Under this line are the records; repeat exactly the lines starting at the one containing "Kino Quotes By John Steinbeck" and ending at the one containing "baked beans in", omitting pictures.

— Data listing —

== Segment start ==

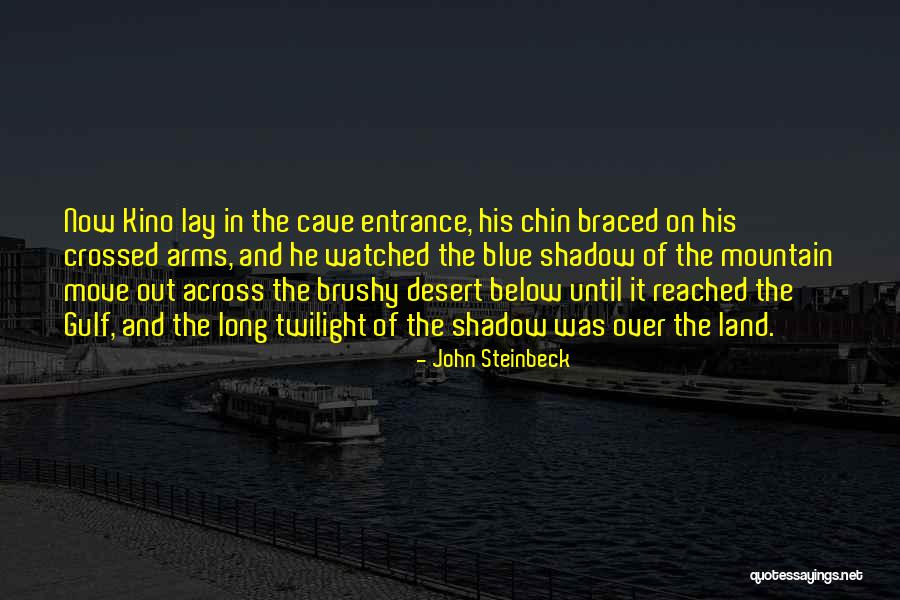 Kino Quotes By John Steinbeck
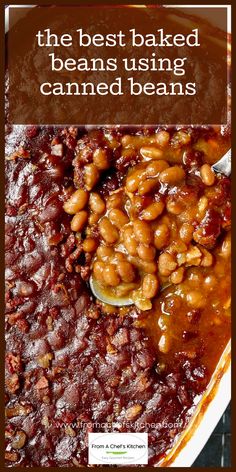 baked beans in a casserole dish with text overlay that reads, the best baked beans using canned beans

== Segment end ==
== Segment start ==

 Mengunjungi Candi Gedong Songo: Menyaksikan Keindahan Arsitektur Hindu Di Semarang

== Segment end ==
== Segment start ==

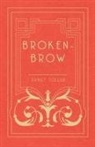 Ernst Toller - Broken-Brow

== Segment end ==

— Answer to this task —
 Kino Quotes By John Steinbeck
 baked beans in a casserole dish with text overlay that reads, the best baked beans using canned beans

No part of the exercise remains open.